Every State, wherein slavery now exists,
which shall abolish the same therein, at any time, or times,
before the first day of January, in the year of our Lord one
thousand and nine hundred, shall receive compensation from
the United States as follows, to wit:
The President of the United States shall
deliver to every such State, bonds of the United States, bearing
interest at the rate of --- per cent, per annum, to an amount
equal to the aggregate sum of for each slave shown to have
been therein, by the eig[h]th census of the United States,
said bonds to be delivered to such State by instalments, or
in one parcel, at the completion of the abolishment, accordingly
as the same shall have been gradual, or at one time, within
such State; and interest shall begin to run upon any such
bond, only from the proper time of its delivery as aforesaid.
Any State having received bonds as aforesaid, and afterwards
reintroducing or tolerating slavery therein, shall refund
to the United States the bonds so received, or the value thereof,
and all interest paid thereon.
Article ---.
All slaves who shall have enjoyed actual
freedom by the chances of the war, at any time before the
end of the rebellion, shall be forever free; but all owners
of such, who shall not have been disloyal, shall be compensated
for them, at the same rates as is provided for States adopting
abolishment of slavery, but in such way, that no slave shall
be twice accounted for.
Article ---.
Congress may appropriate money, and otherwise
provide, for colonizing free colored persons, with their own
consent, at any place or places without the United States.''
I beg indulgence to discuss these proposed
articles at some length. Without slavery the rebellion could
never have existed; without slavery it could not continue.
Among the friends of the Union there is great
diversity, of sentiment, and of policy, in regard to slavery,
and the African race amongst us. Some would perpetuate slavery;
some would abolish it suddenly, and without compensation; some
would abolish it gradually, and with compensation; some would
remove the freed people from us, and some would retain them
with us; and there are yet other minor diversities.
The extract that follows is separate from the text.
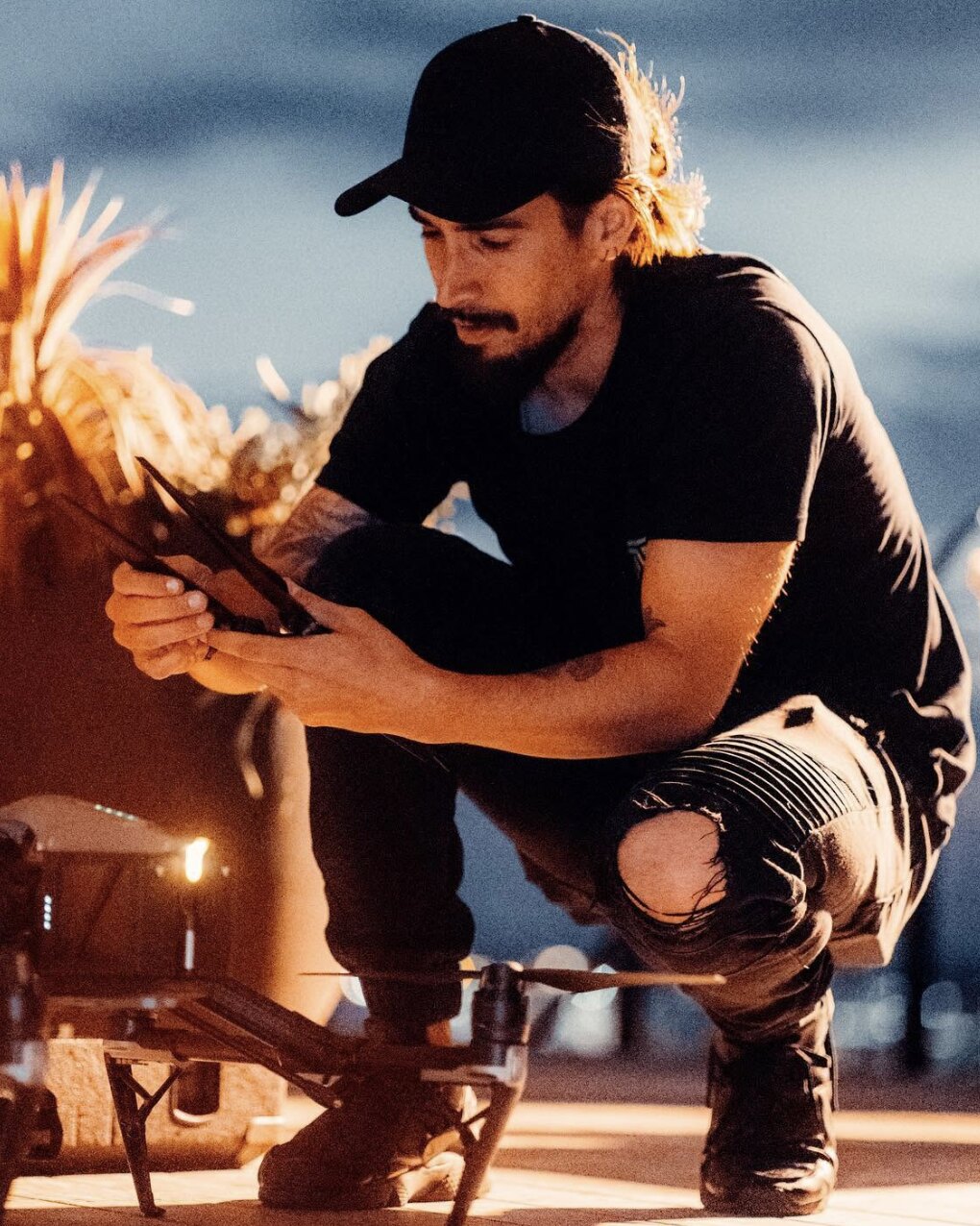 Tim McCartney setting up a drone at dusk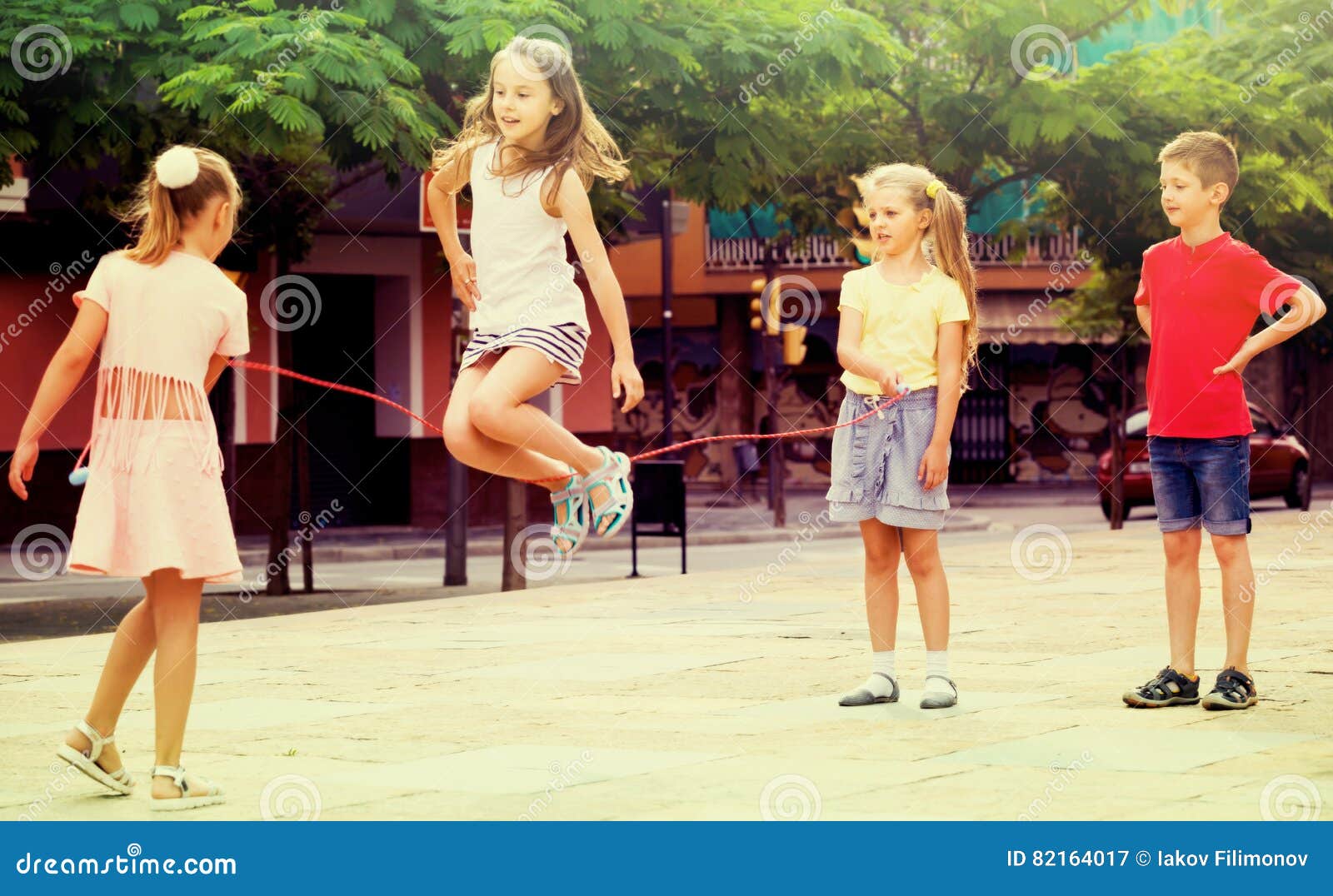 Groupe D'enfants Jouant Avec La Corde À Sauter. Fille Sauter À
Because
of these diversities, we waste much strength in struggles among
ourselves. By mutual concession we should harmonize, and act
together. This would be compromise; but it would be compromise
among the friends, and not with the enemies of the Union. These
articles are intended to embody a plan of such mutual concessions.
If the plan shall be adopted, it is assumed that emancipation
will follow, at least, in several of the States.
As to the first article, the main points are:
first, the emancipation; secondly, the length of time for consummating
it---thirty-seven years; and thirdly, the compensation.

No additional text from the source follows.